- _What to work on_
Write out the data exactly, please, and omit the pictures.

- _Information shown_
_ _ _ _ _

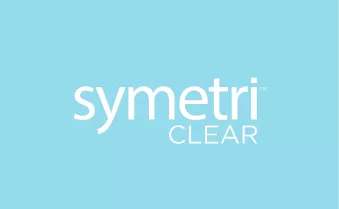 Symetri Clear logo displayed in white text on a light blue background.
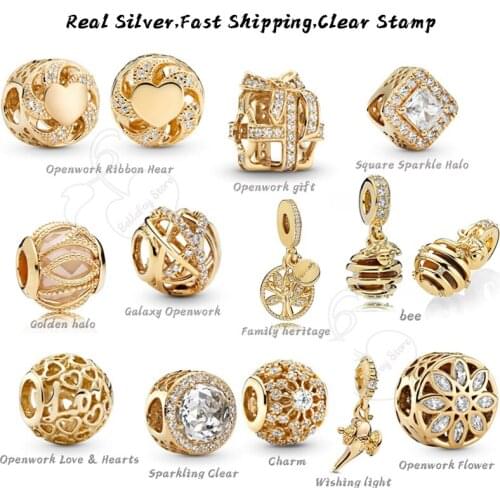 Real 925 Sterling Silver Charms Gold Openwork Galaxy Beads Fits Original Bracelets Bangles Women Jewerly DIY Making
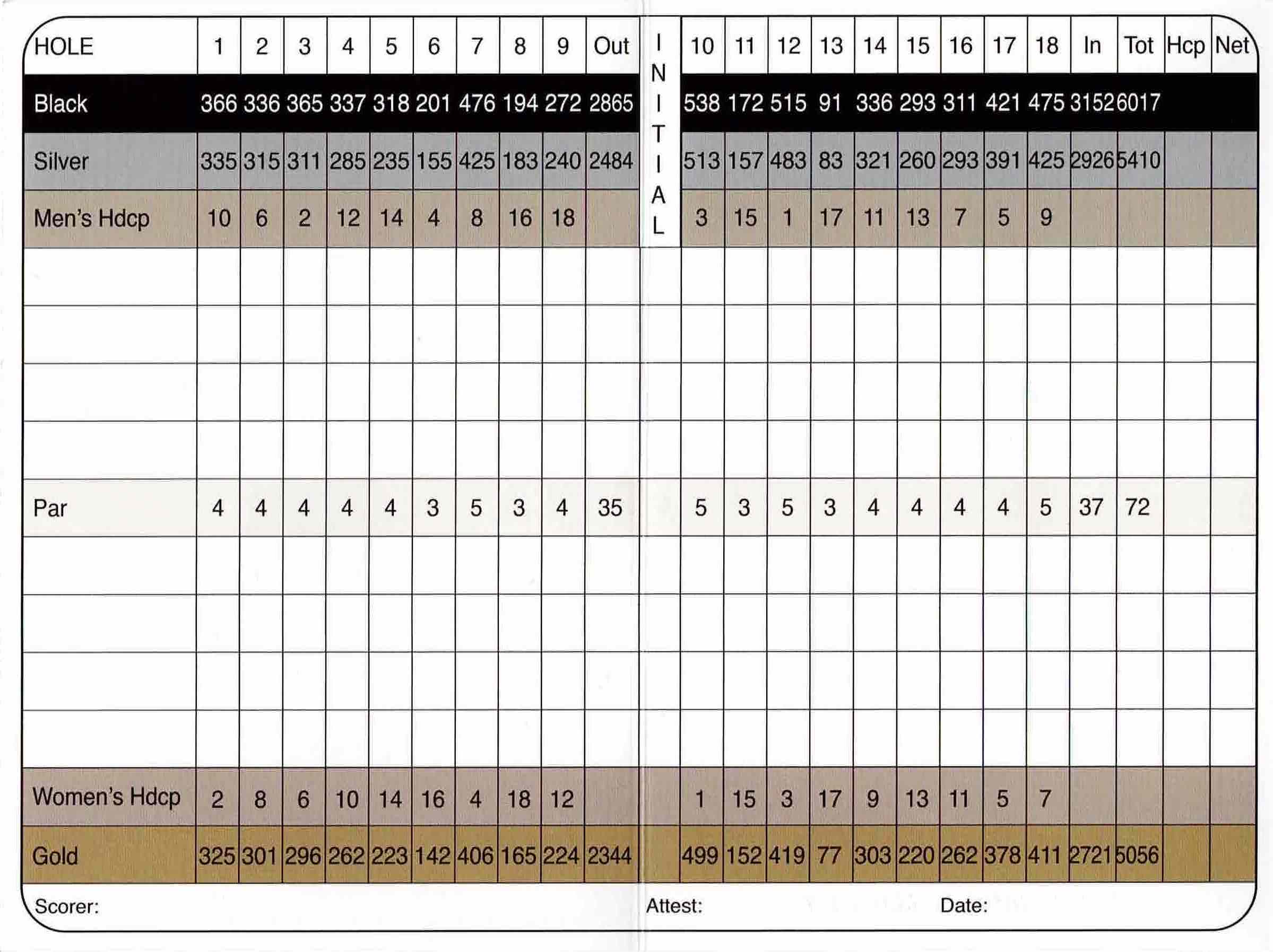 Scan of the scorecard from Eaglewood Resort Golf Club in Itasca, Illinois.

_ _ _ _ _

- _Response_
 Symetri Clear logo displayed in white text on a light blue background.
 Real 925 Sterling Silver Charms Gold Openwork Galaxy Beads Fits Original Bracelets Bangles Women Jewerly DIY Making
 Scan of the scorecard from Eaglewood Resort Golf Club in Itasca, Illinois.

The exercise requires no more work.